--- Exercise input ---

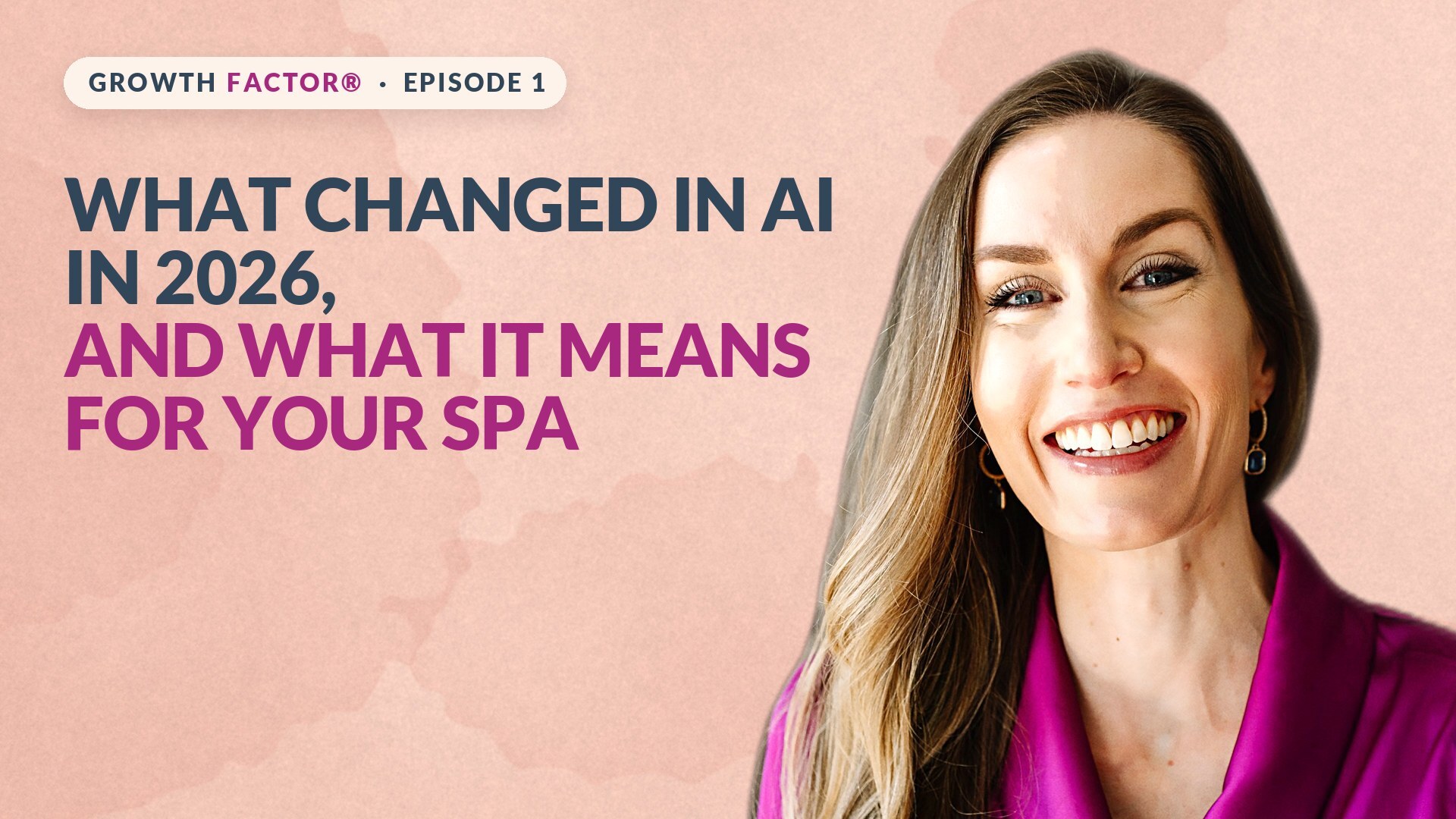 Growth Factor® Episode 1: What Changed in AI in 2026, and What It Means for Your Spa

---
--- Exercise input ---

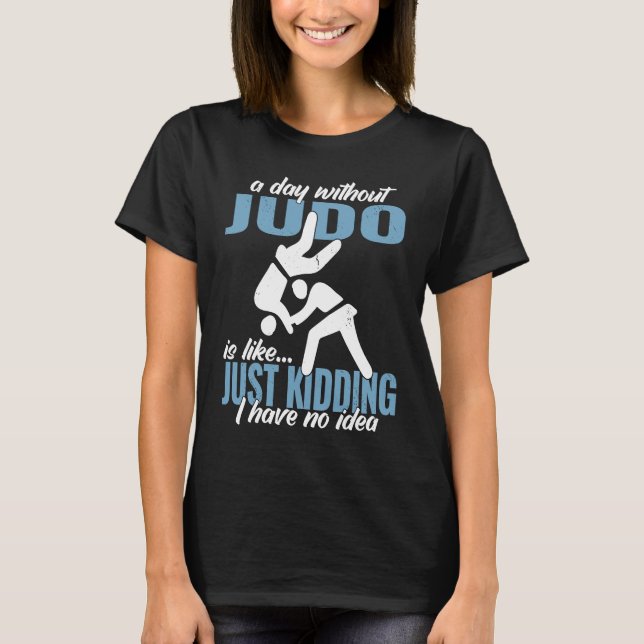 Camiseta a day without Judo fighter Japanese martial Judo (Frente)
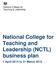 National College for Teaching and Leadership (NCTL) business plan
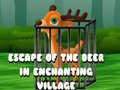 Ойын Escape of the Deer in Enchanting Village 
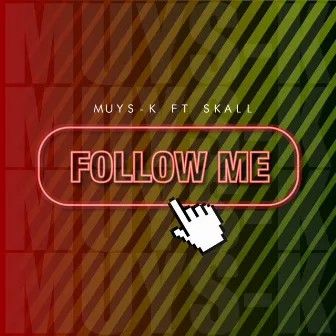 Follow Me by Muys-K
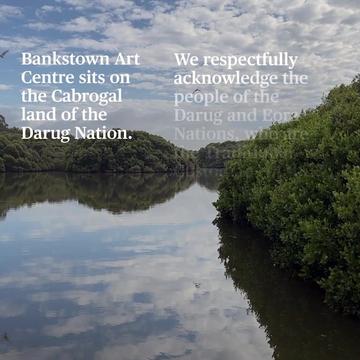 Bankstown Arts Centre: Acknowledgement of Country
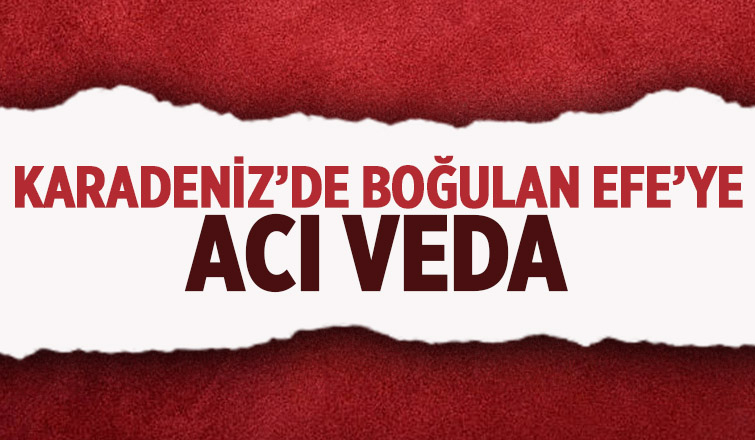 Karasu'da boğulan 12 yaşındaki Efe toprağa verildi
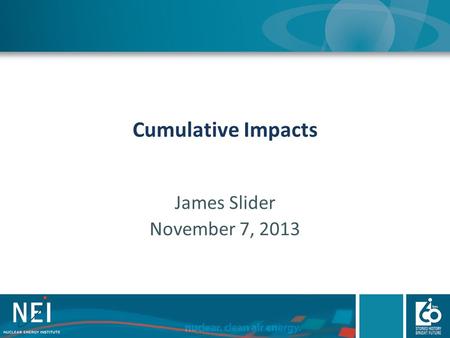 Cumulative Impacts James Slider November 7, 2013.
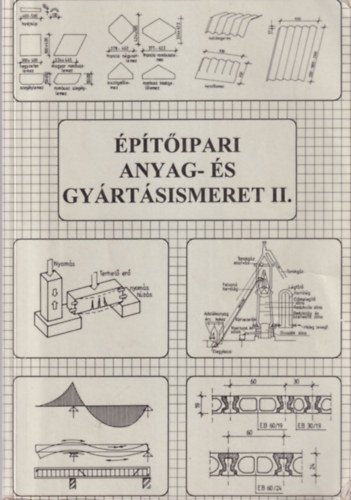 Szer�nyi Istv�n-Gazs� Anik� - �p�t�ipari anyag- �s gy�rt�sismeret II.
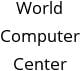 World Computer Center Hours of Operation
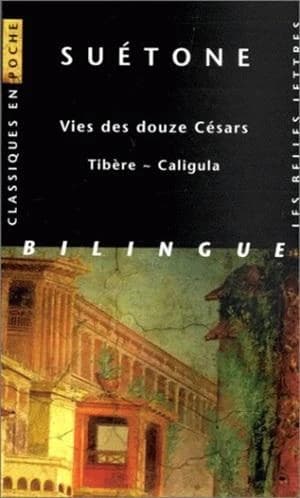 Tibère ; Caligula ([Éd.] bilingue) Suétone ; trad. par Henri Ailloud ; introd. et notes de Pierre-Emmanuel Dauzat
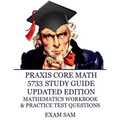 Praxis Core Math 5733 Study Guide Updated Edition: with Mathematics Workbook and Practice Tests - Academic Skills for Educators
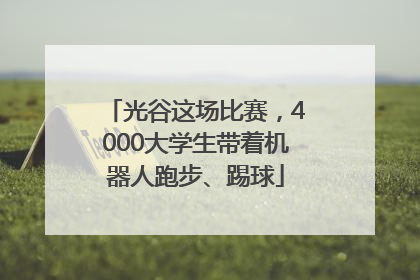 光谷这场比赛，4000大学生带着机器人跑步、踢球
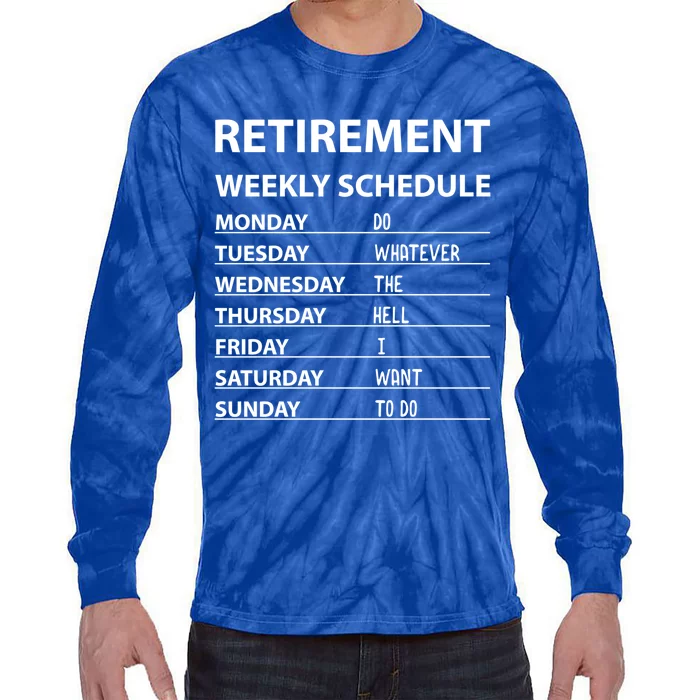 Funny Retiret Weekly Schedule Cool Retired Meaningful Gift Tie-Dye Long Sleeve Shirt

---
--- Exercise input ---

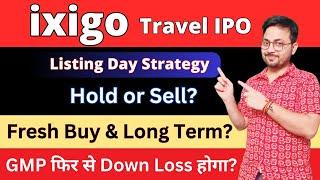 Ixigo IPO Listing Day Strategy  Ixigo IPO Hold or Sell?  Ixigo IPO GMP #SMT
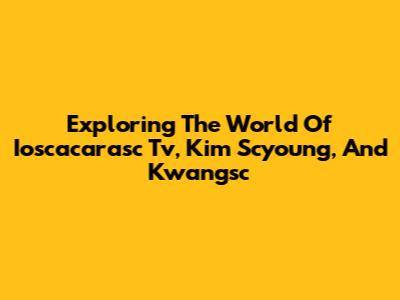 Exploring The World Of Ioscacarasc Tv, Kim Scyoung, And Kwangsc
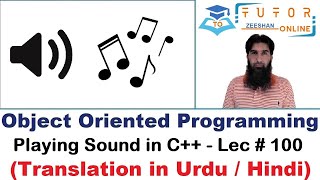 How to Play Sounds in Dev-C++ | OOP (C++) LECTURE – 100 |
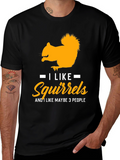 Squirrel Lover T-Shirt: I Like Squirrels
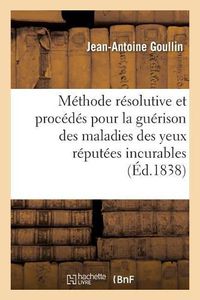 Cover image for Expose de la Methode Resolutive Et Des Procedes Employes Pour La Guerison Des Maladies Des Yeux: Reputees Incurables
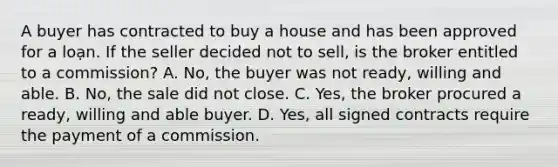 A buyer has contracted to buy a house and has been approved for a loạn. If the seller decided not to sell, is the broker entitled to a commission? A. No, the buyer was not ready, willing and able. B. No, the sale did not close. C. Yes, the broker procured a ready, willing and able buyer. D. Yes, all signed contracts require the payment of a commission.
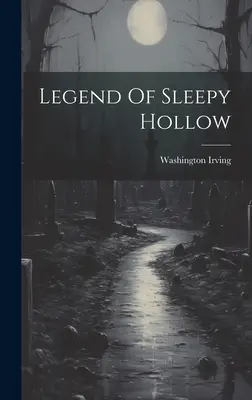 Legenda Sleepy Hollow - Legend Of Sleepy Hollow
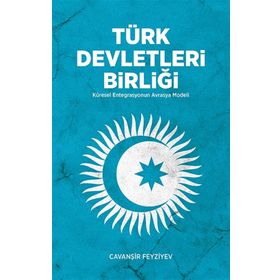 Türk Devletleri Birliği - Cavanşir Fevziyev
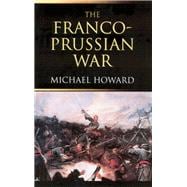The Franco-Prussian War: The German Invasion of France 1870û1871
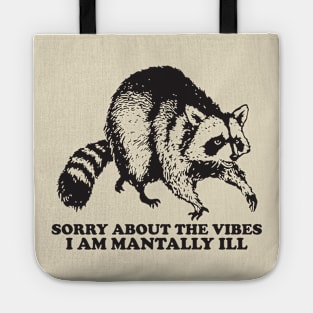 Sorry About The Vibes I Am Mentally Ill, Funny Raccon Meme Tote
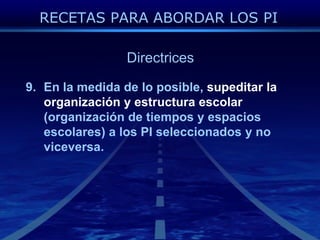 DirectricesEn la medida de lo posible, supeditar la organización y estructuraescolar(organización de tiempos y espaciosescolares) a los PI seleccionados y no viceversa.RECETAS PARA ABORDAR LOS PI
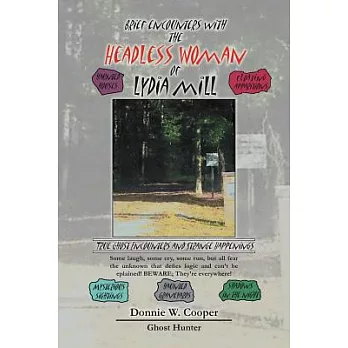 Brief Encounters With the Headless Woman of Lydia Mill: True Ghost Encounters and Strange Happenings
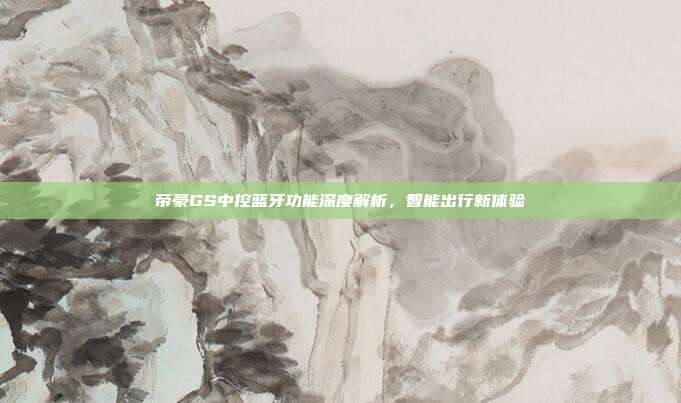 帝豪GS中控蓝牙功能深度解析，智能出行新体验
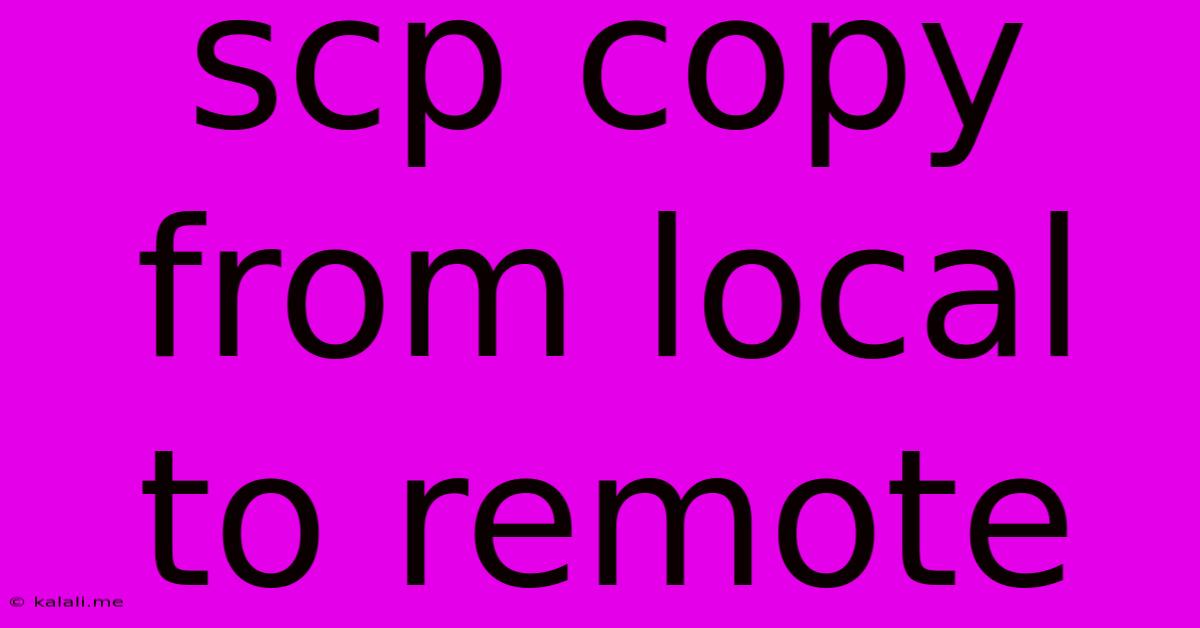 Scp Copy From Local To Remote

---

Using the records above, repeat exactly the run of lines that starts with the line with "Ixigo IPO Listing" and goes on through the line with "Sorry About The"; omit each picture.

 Ixigo IPO Listing Day Strategy  Ixigo IPO Hold or Sell?  Ixigo IPO GMP #SMT
 Exploring The World Of Ioscacarasc Tv, Kim Scyoung, And Kwangsc
 How to Play Sounds in Dev-C++ | OOP (C++) LECTURE – 100 |
 Squirrel Lover T-Shirt: I Like Squirrels
 Cover image for Expose de la Methode Resolutive Et Des Procedes Employes Pour La Guerison Des Maladies Des Yeux: Reputees Incurables
 A buyer has contracted to buy a house and has been approved for a loạn. If the seller decided not to sell, is the broker entitled to a commission? A. No, the buyer was not ready, willing and able. B. No, the sale did not close. C. Yes, the broker procured a ready, willing and able buyer. D. Yes, all signed contracts require the payment of a commission.
 Legenda Sleepy Hollow - Legend Of Sleepy Hollow
 Türk Devletleri Birliği - Cavanşir Fevziyev
The Franco-Prussian War: The German Invasion of France 1870û1871
 Sorry About The Vibes I Am Mentally Ill, Funny Raccon Meme Tote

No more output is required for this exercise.